==== Listed entries ====

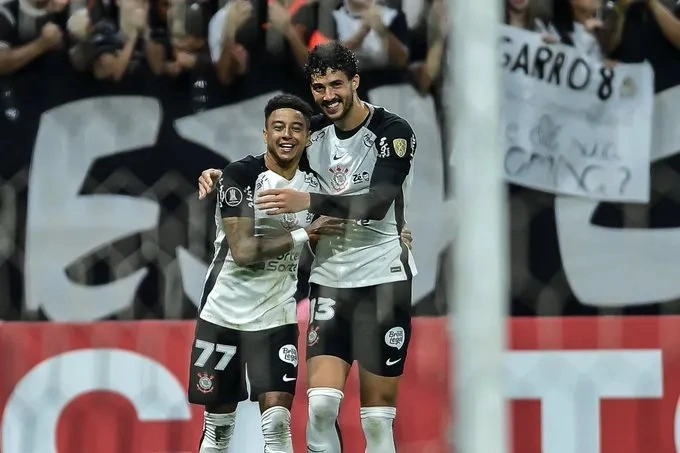 Corinthians vence Peñarol e segue 100% na Libertadores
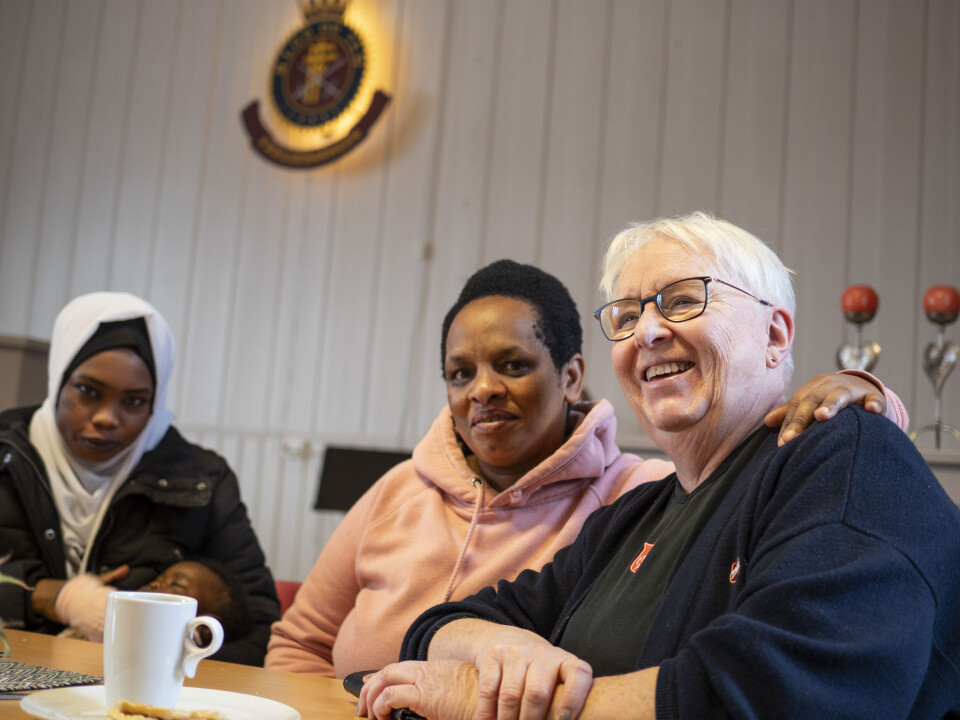 SOSIALT: Marie Skuland er glad i folk og trives i samtale med Fatima Hussein (t.v.) og Dorkas Madore. – Dorkas ønsker seg så veldig ei symaskin, så hvis noen har ei som står og støver ned et sted er det bare å si i fra, skynder Skuland seg å skyte inn mens vi tar bilder.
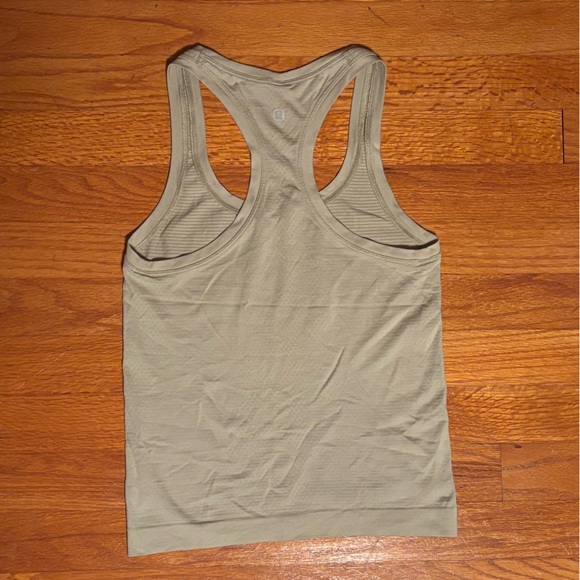 Lululemon Swiftly Tech Racerback Tank - Picture 3 of 3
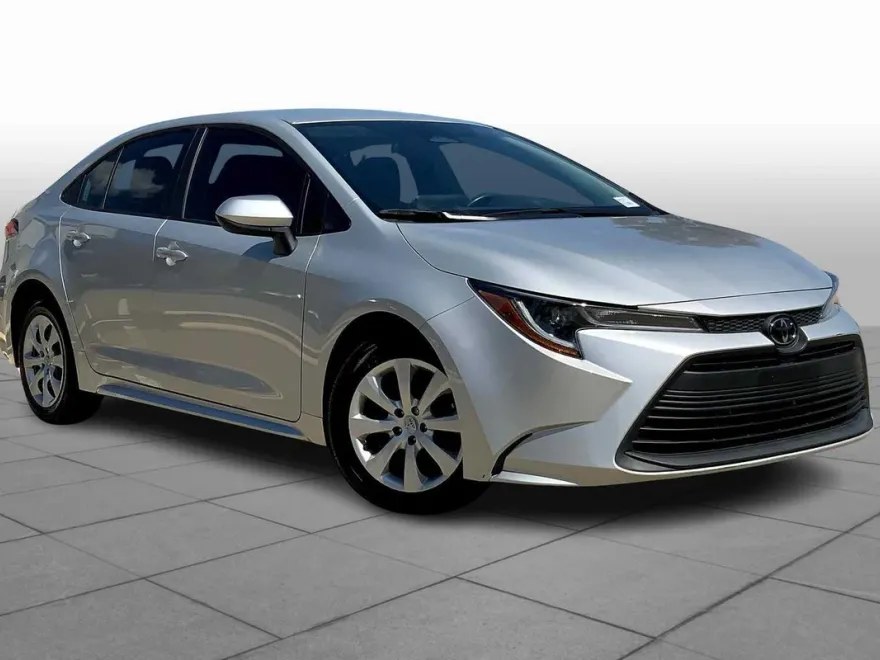2023 Toyota Corolla LE photo 1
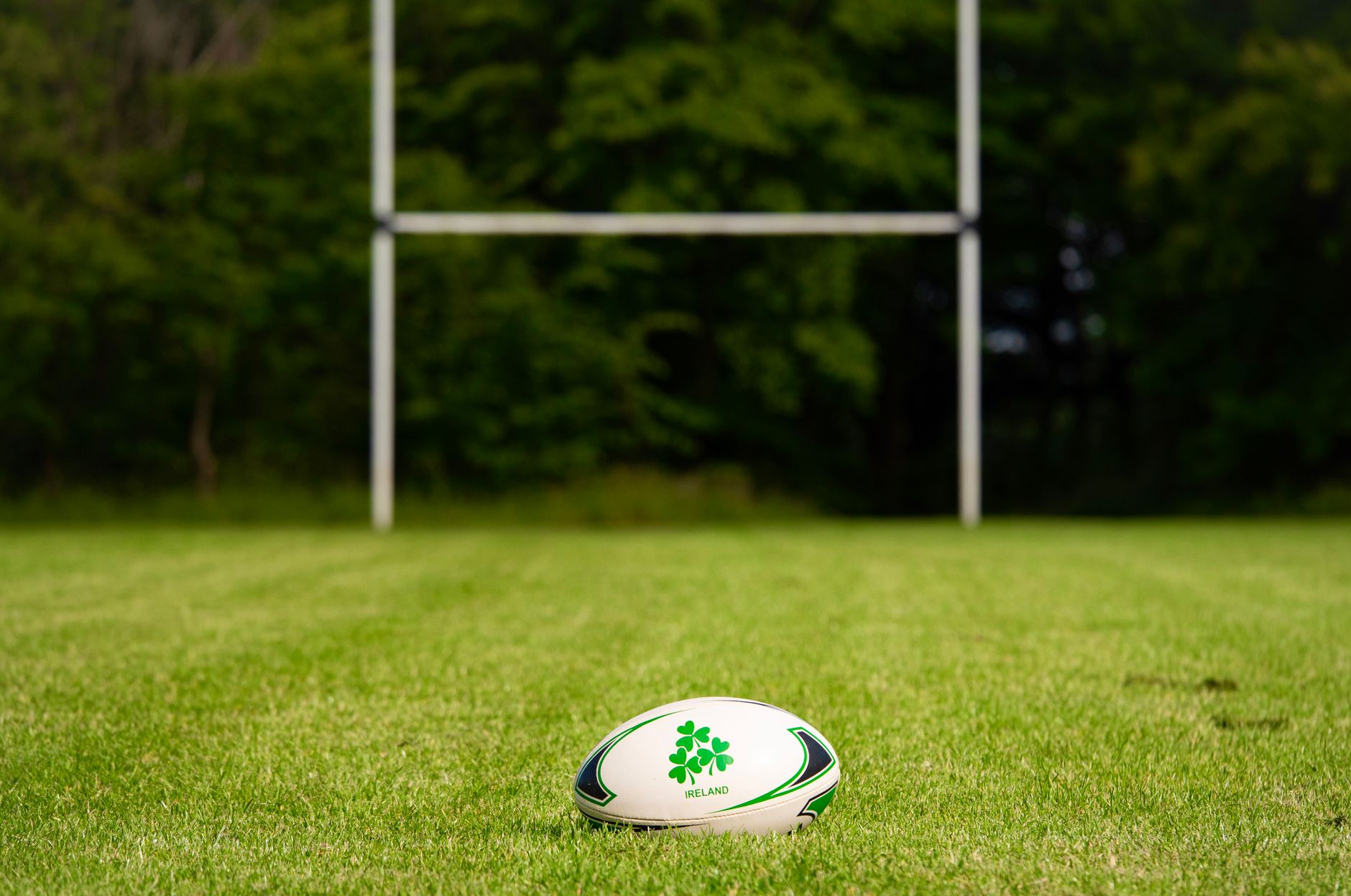 Con un try de otro nivel de Carreras, Bath aplastó a Harlequins en el debut de la Premiership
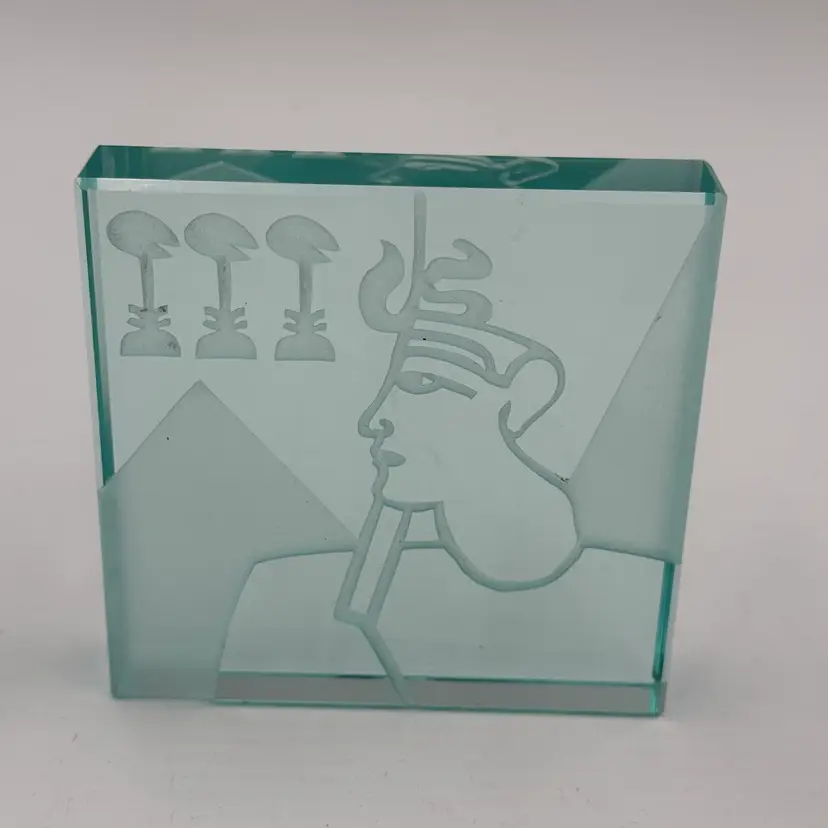 Limited Edition 5/1000  Musée du Louvre Paris Art Glass Block Egyptian Pharaoh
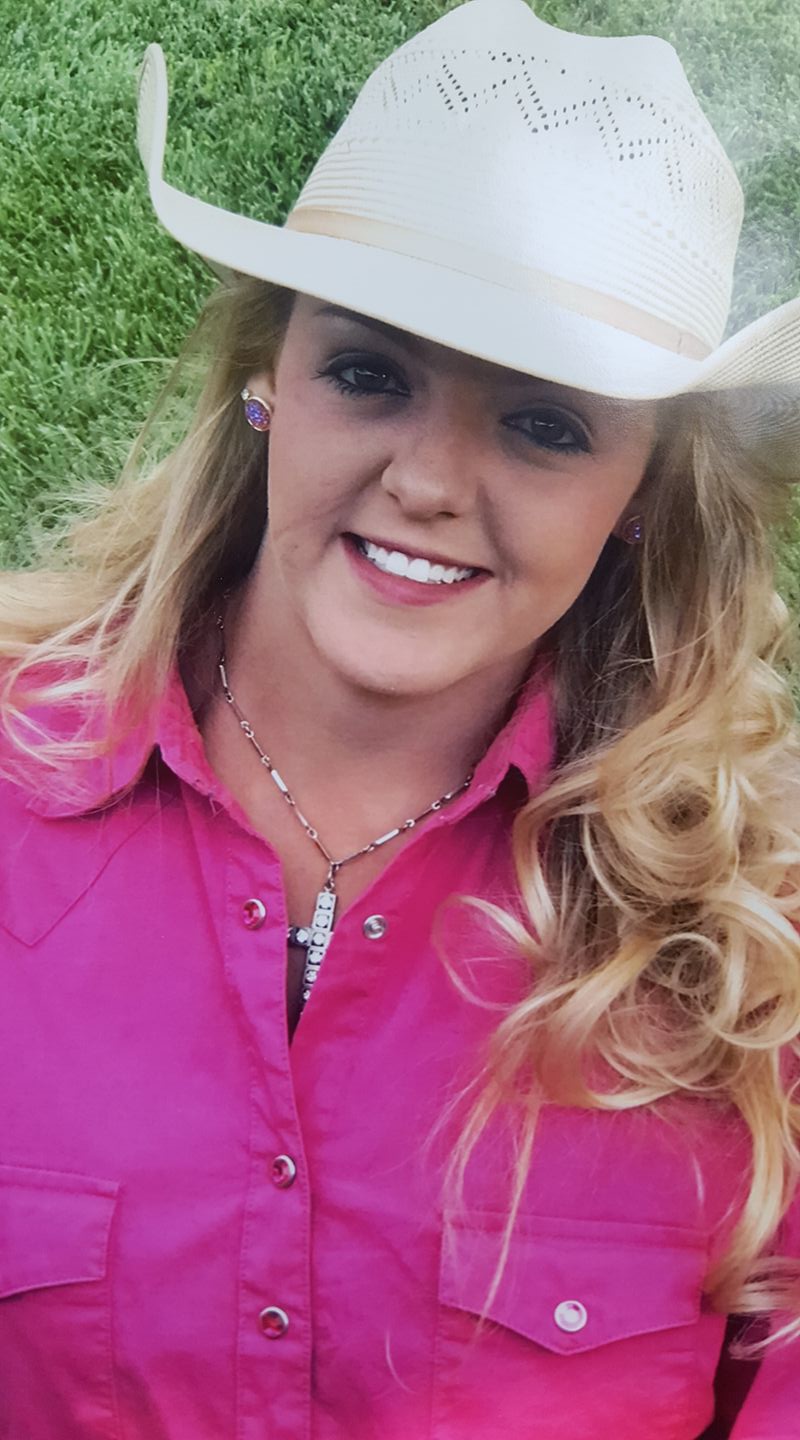 Meet Queen contestant... - Valencia County Rodeo Queens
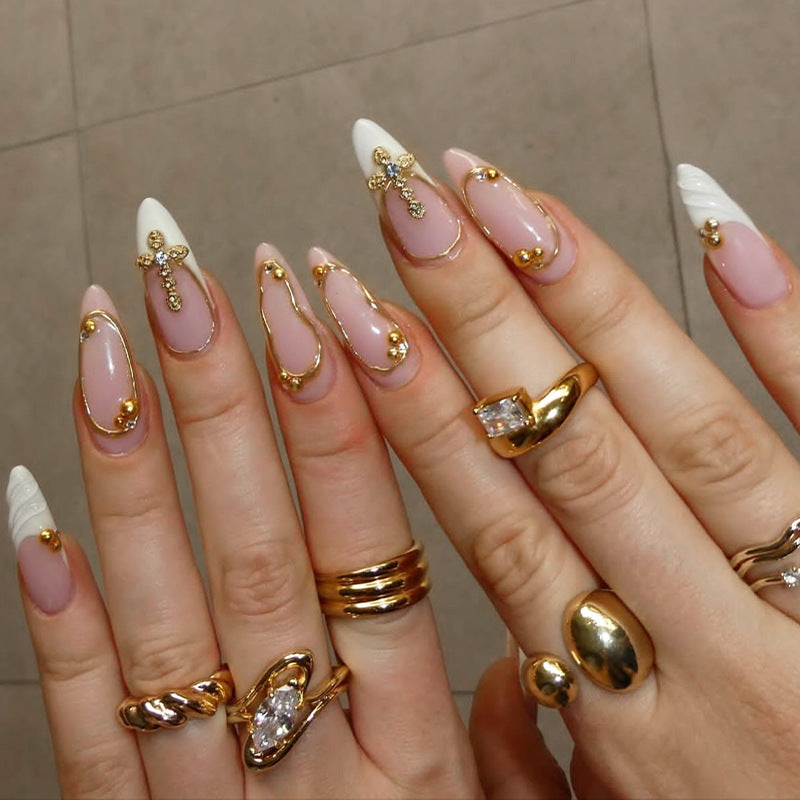 Künstlerisches Press-On-Nagelset mit eleganten Designelementen Brehn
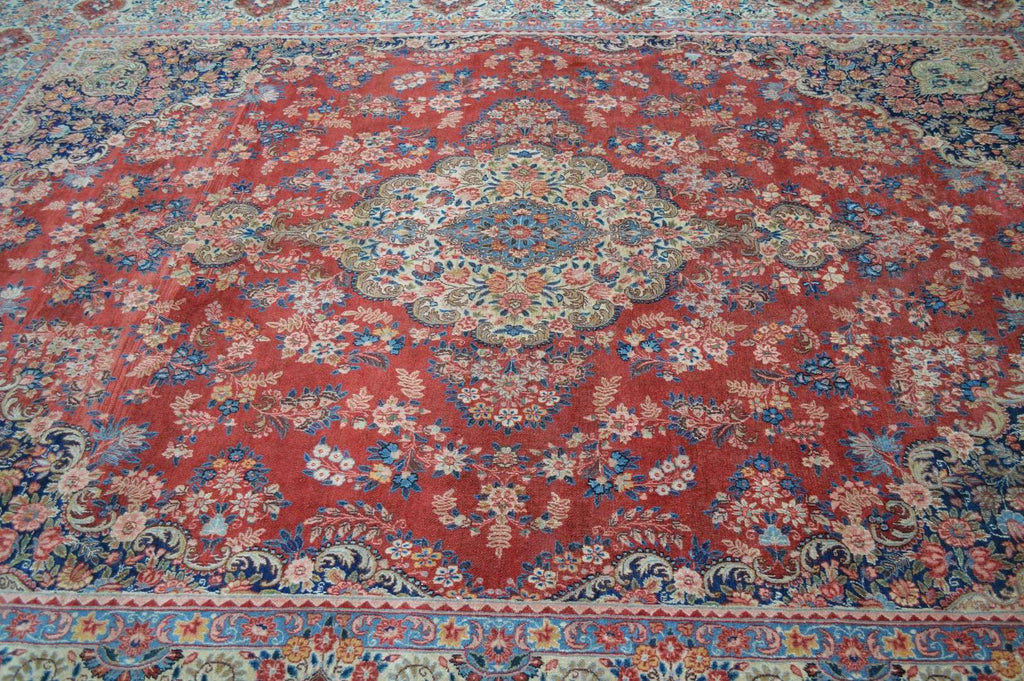 9' 8" x 13' 0" Persian Lavar Rug image 11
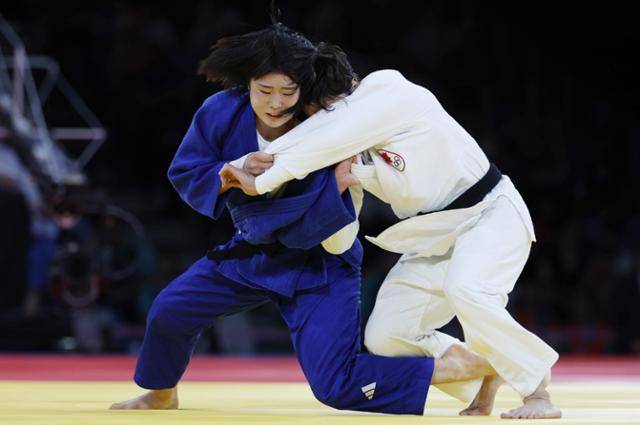 허미미가 지난달 29일 프랑스 파리 아레나 샹 드 마르스에서 열린 2024 파리 올림픽 유도 여자 57kg급 결승 캐나다 크리스타 데구치와의 경기에서 공격을 시도하고 있다. 파리=뉴시스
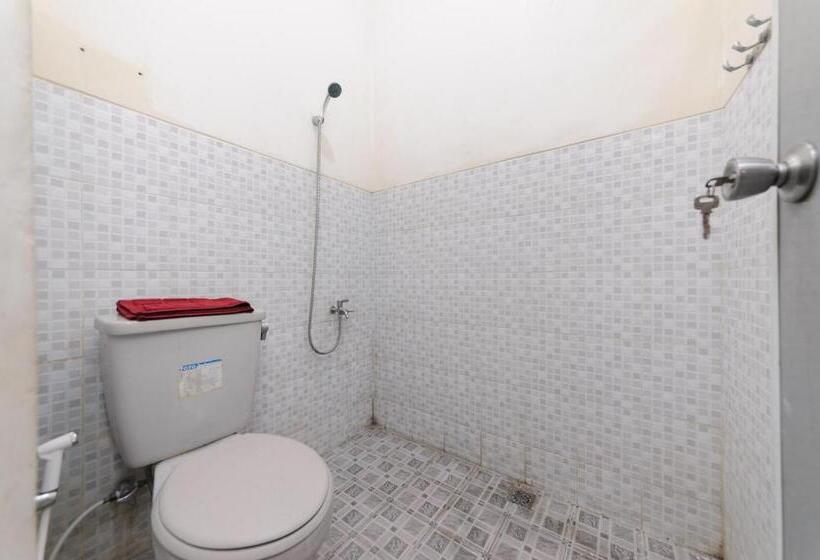 Пансион Reddoorz At Meruya Utara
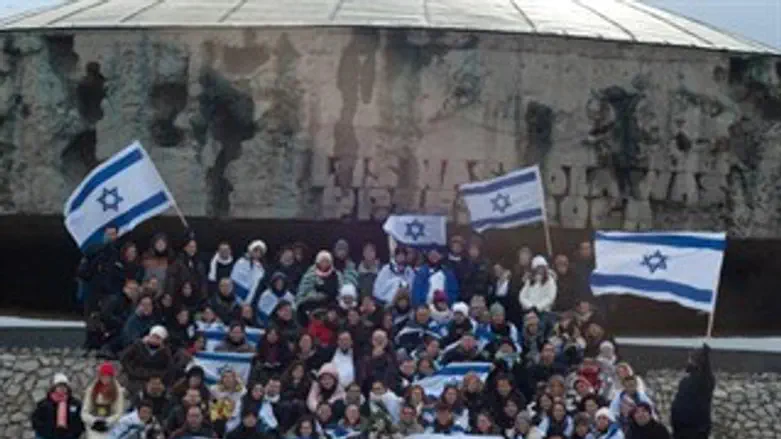 המשלחת במיידאנק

====

* Problem to solve:
From the first line to the last, print the records exactly; leave out the pictures.

* Your response:
 Corinthians vence Peñarol e segue 100% na Libertadores
 SOSIALT: Marie Skuland er glad i folk og trives i samtale med Fatima Hussein (t.v.) og Dorkas Madore. – Dorkas ønsker seg så veldig ei symaskin, så hvis noen har ei som står og støver ned et sted er det bare å si i fra, skynder Skuland seg å skyte inn mens vi tar bilder.
 Lululemon Swiftly Tech Racerback Tank - Picture 3 of 3
2023 Toyota Corolla LE photo 1
 Con un try de otro nivel de Carreras, Bath aplastó a Harlequins en el debut de la Premiership
 Limited Edition 5/1000  Musée du Louvre Paris Art Glass Block Egyptian Pharaoh
 Meet Queen contestant... - Valencia County Rodeo Queens
 Künstlerisches Press-On-Nagelset mit eleganten Designelementen Brehn
 9' 8" x 13' 0" Persian Lavar Rug image 11
 허미미가 지난달 29일 프랑스 파리 아레나 샹 드 마르스에서 열린 2024 파리 올림픽 유도 여자 57kg급 결승 캐나다 크리스타 데구치와의 경기에서 공격을 시도하고 있다. 파리=뉴시스
 Пансион Reddoorz At Meruya Utara
 המשלחת במיידאנק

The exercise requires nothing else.